Please note that, in general, EL ALMENDRO does not create a commercial profile based on the information provided by the interested party and said individual’s interactions with the content offered for the purpose of sending personalised information about our products or services, including by electronic means.

WHAT SECURITY MEASURES DO WE HAVE IN PLACE?

The security measures adopted by EL ALMENDRO are those required, in compliance with the provisions of article 32 of the GDPR.

In this respect, bearing in mind the state of the technology, the application costs and the nature, scope, context and purposes of the processing, as well as the risks of varying probability and severity for the rights and freedoms of natural persons, the appropriate technical and organisational measures have been established to guarantee the appropriate level of security for the existing risk.

In any case, EL ALMENDRO has implemented sufficient mechanisms to:

  • Ensure the permanent confidentiality, integrity, availability and resilience of the processing systems and services.
  • Quickly restore availability and access to personal data in the event of a physical or technical incident.
  • Regularly verify, evaluate and assess the effectiveness of the technical and organisation measures implemented to ensure the security of the processing.
  • Enable encryption of data and communications.

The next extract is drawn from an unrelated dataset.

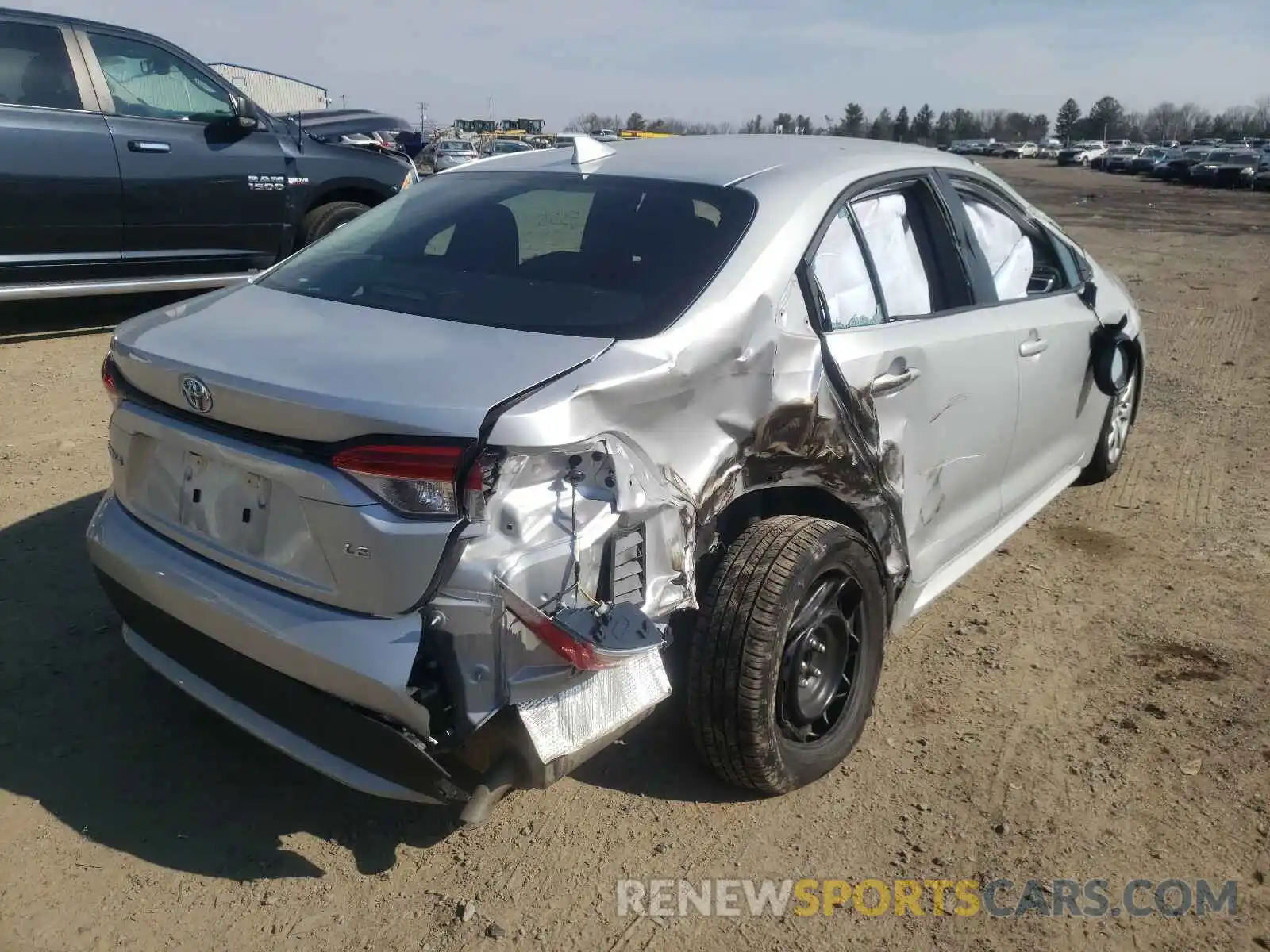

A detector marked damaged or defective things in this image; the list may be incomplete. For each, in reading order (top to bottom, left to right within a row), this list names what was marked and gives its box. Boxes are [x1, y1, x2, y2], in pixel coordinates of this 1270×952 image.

broken taillight [333, 447, 490, 523]
damaged silver toyota corolla [84, 130, 1148, 822]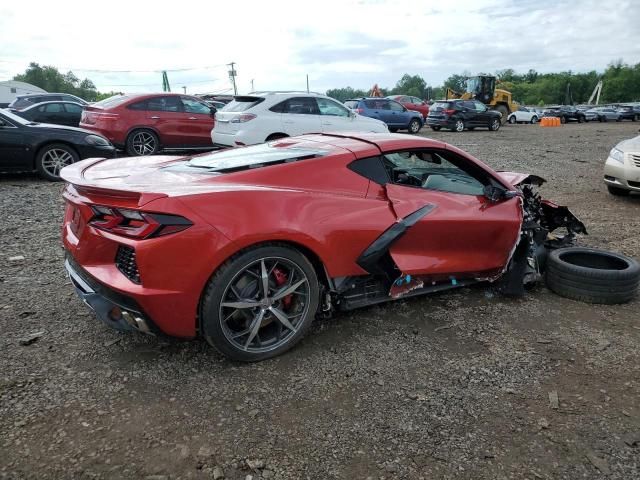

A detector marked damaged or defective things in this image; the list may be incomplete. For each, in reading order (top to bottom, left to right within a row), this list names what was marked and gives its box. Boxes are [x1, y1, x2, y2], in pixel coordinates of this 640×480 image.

CHANGES TO THIS PRIVACY POLICY

From time to time, this Privacy Policy may be revised in order to update changes in current legislation, update the procedures for collecting and using personal information, or due to the appearance of new services or the exclusion of others. These changes will be effective from the date of publication on the website, so it is important that you regularly review this Privacy Policy in order to remain informed about the changes.